This code is for the paper Counterfactual data augmentation for mitigating gender stereotypes in languages with rich morphology featured in ACL 2019. The paper can be found here. Please cite as:
@inproceedings{zmigrod-etal-2019-counterfactual,
title = "Counterfactual Data Augmentation for Mitigating Gender Stereotypes in Languages with Rich Morphology",
author = "Zmigrod, Ran and
Mielke, Sabrina J. and
Wallach, Hanna and
Cotterell, Ryan",
booktitle = "Proceedings of the 57th Annual Meeting of the Association for Computational Linguistics",
month = jul,
year = "2019",
address = "Florence, Italy",
publisher = "Association for Computational Linguistics",
url = "https://www.aclweb.org/anthology/P19-1161",
doi = "10.18653/v1/P19-1161",
pages = "1651--1661"
}
- Python version >= 3.6
- Pytorch
We provide pre-trained models for French and Spanish in the models
folder.
All input files should be in conllu format.
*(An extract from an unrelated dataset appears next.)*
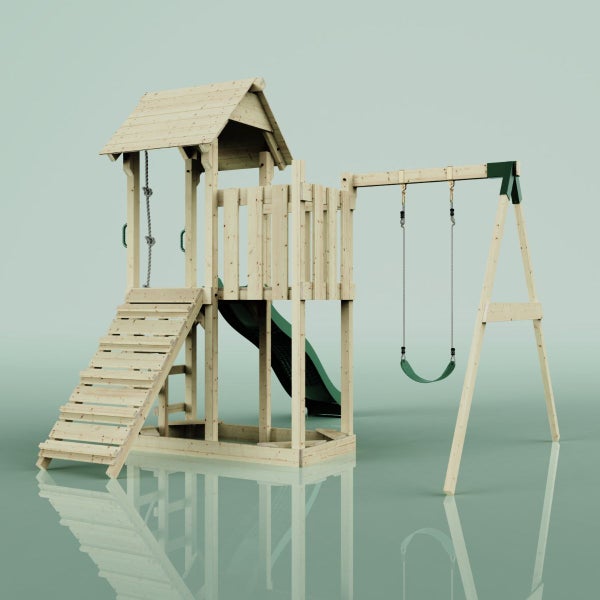 Spielturm aus Holz mit Schaukel und Rutsche
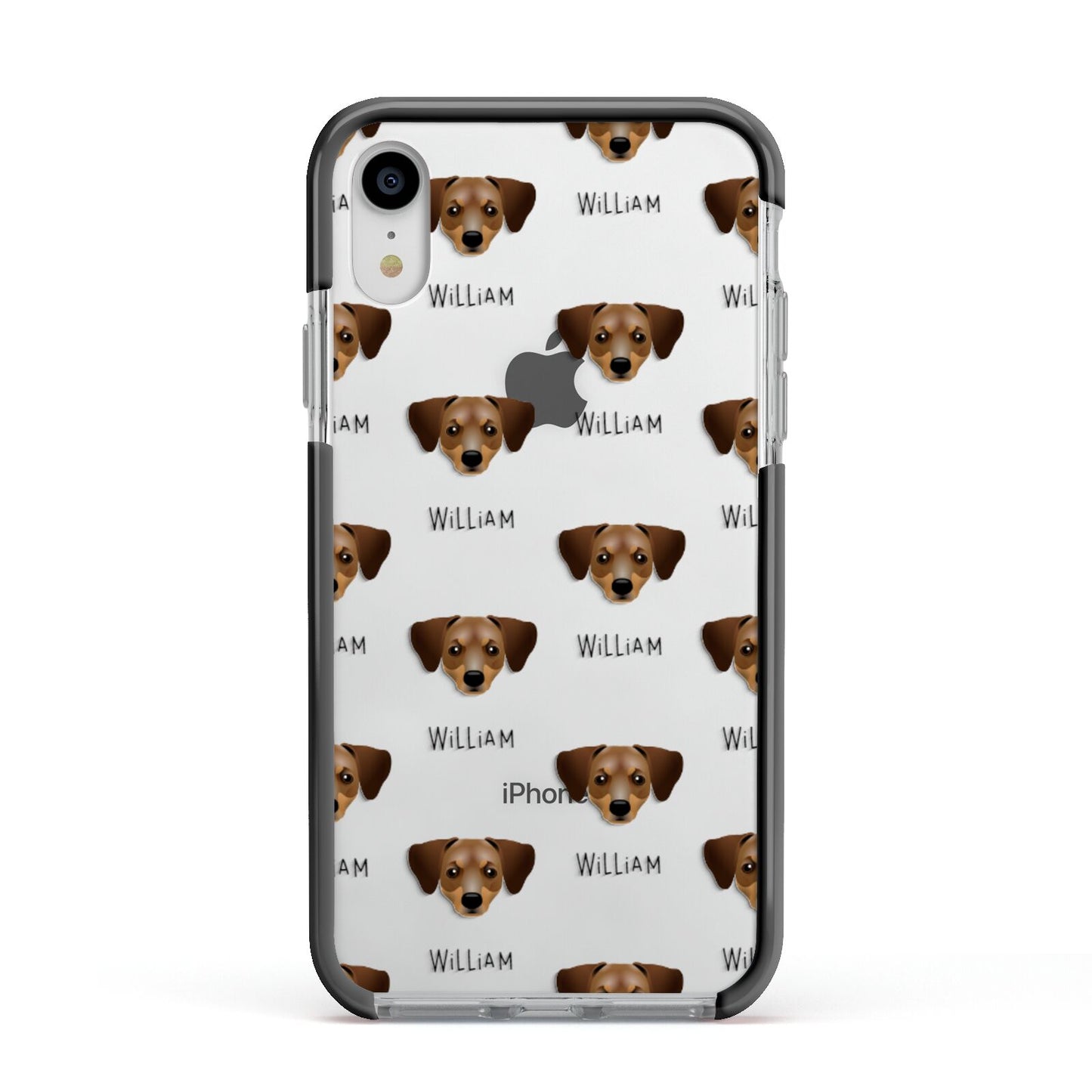 Chiweenie Icon with Name Apple iPhone XR Impact Case Black Edge on Silver Phone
In order to run a pretrained model, use the command.
python src/main.py --in_files [input conllu files] --psi [path to psi .pt file] --reinflect [path to reinflectino model] --animate_list [path to animacy list] --inc_input --get_ids --out_file [path to output_file] --part 100
In order to train the model, use the following command
python src/neural-mrf.py --data [path to training data] --out_dir [path to output directory]--log_alpha 1 --lr 0.005 --wd 0.0001
You can train the reinflection using reinflection_train.py
.
This has been lightly modified by the Sigmorphon cross-lingual-baseline.
If you use this code please cite the shared task appropriately.